:: Assigned task ::
Of the lines below, write out exactly those from the line with "95037 HAYNES WAY Ln, North Bend, OR 97459" through the line with "Urbanski e magia", both included, and skip the rest.

:: Exercise data ::

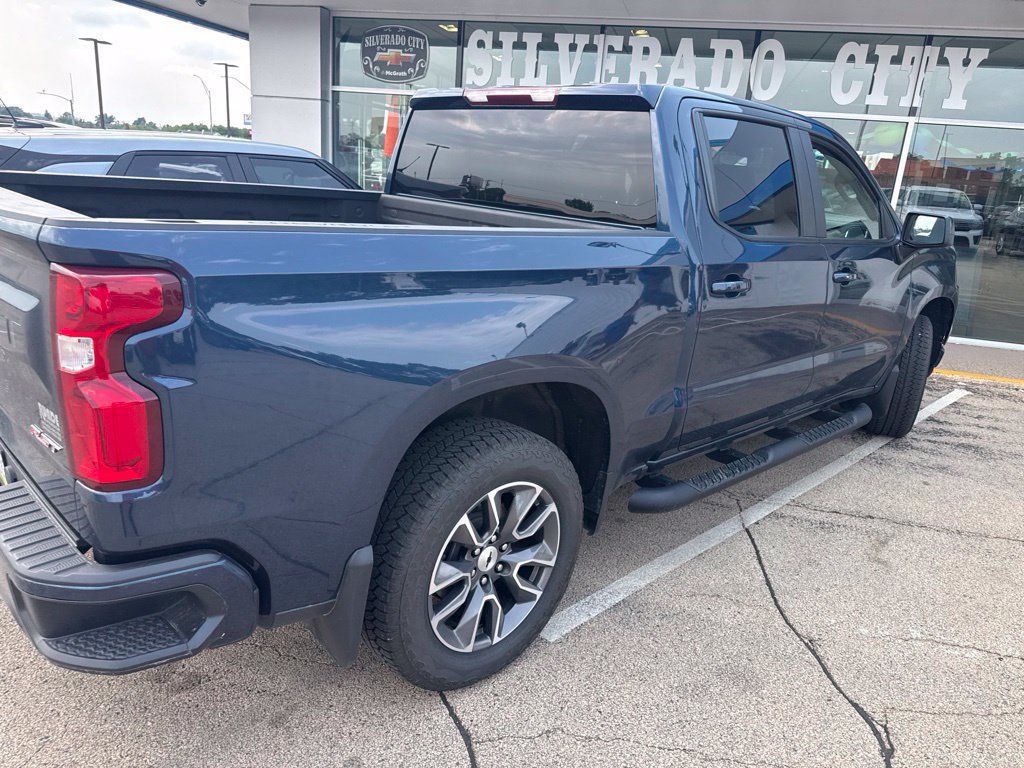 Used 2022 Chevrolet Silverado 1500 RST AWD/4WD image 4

--

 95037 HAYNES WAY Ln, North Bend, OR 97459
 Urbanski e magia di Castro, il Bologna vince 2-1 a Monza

:: Exercise solution ::
 95037 HAYNES WAY Ln, North Bend, OR 97459
 Urbanski e magia di Castro, il Bologna vince 2-1 a Monza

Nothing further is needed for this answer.